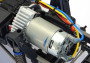 1:10 HoBao DC1 TRAIL CRAWLER RTR BLUE
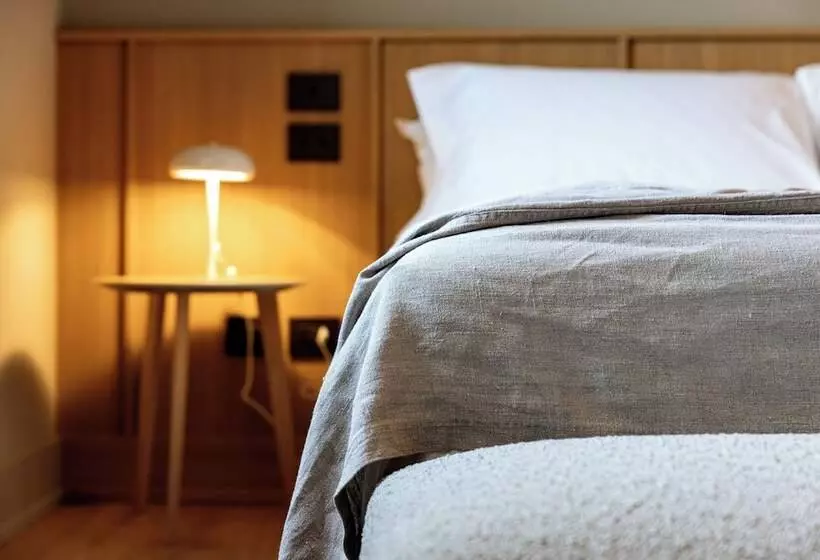 Maaseutuhotelli Colle Alberti Country House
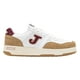 thumbnail image 1 of Zapatilla Urbana Hombre C. Attica Beige Rojo Joma, 1 of 2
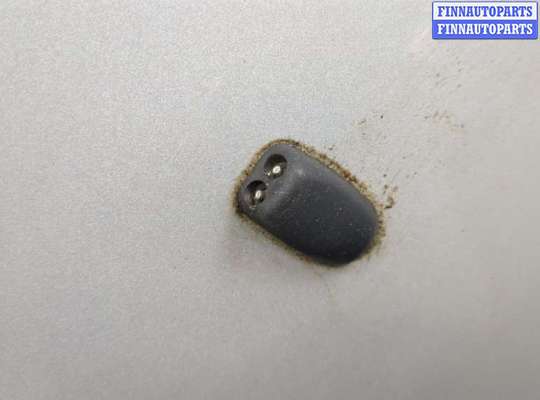 купить Капот на Ford C-Max 2002-2010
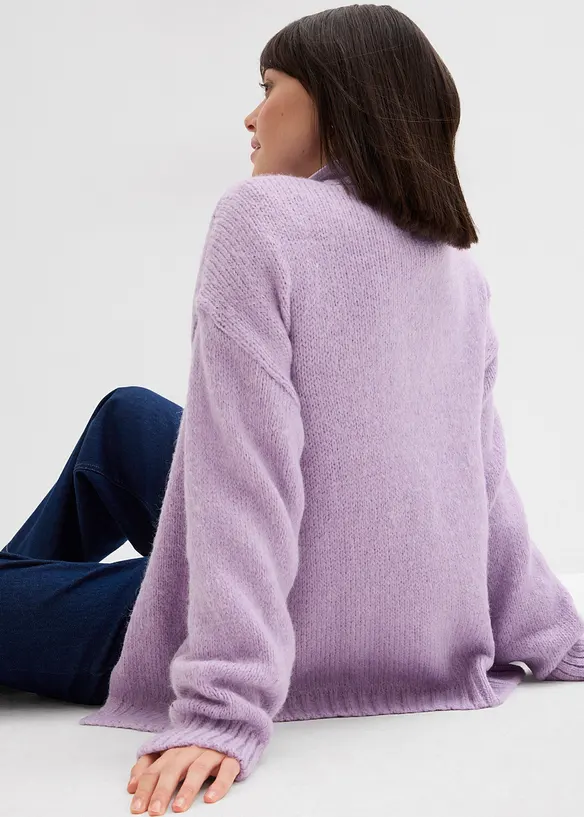 Oversizecardigan, bonprix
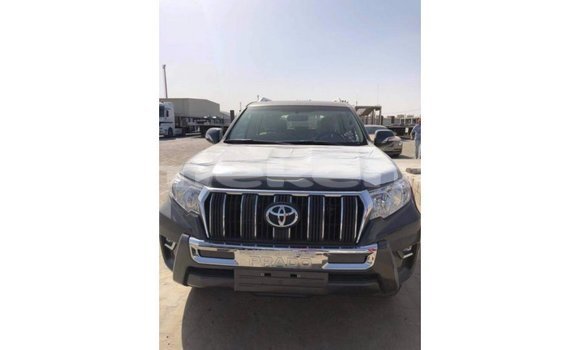 Buy Import Toyota Prado Other Car in Import - Dubai in Aragatsotn Buy Import Toyota Prado Other Car in Import - Dubai in Aragatsotn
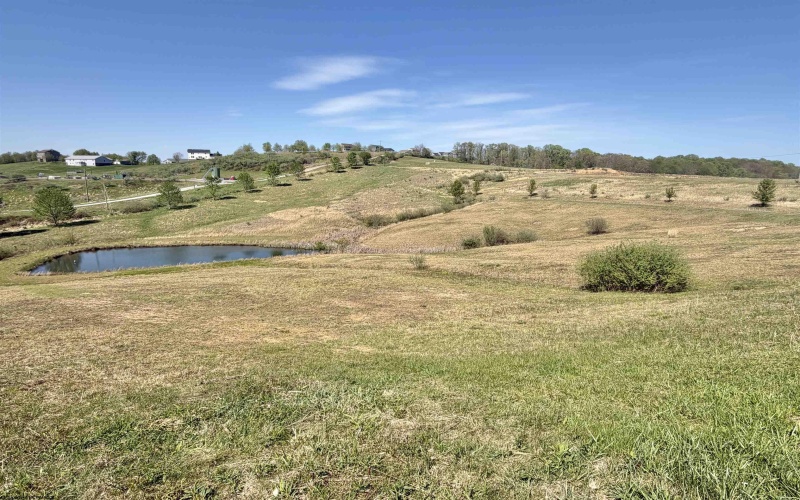TBD Jennifer Avenue, Bridgeport, West Virginia 26330, ,Lots/land,For Sale,Jennifer,10156436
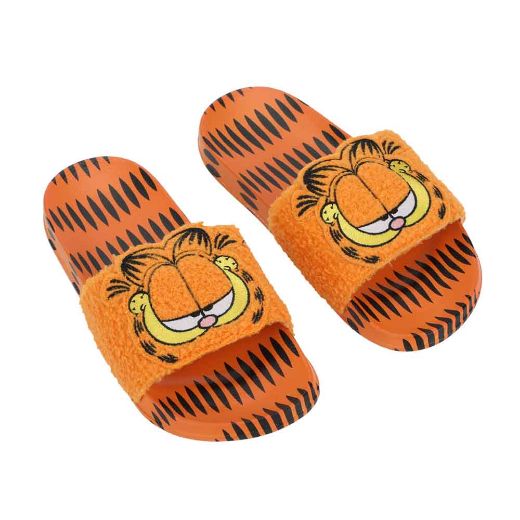 Picture of Garfield 3D Character Slides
• • •
**To do**
Setting the pictures aside, return exactly the lines from the line with "in Aragatsotn Buy" through the last line of the listing above.

**Result of the task**
 Buy Import Toyota Prado Other Car in Import - Dubai in Aragatsotn Buy Import Toyota Prado Other Car in Import - Dubai in Aragatsotn
TBD Jennifer Avenue, Bridgeport, West Virginia 26330, ,Lots/land,For Sale,Jennifer,10156436
 Picture of Garfield 3D Character Slides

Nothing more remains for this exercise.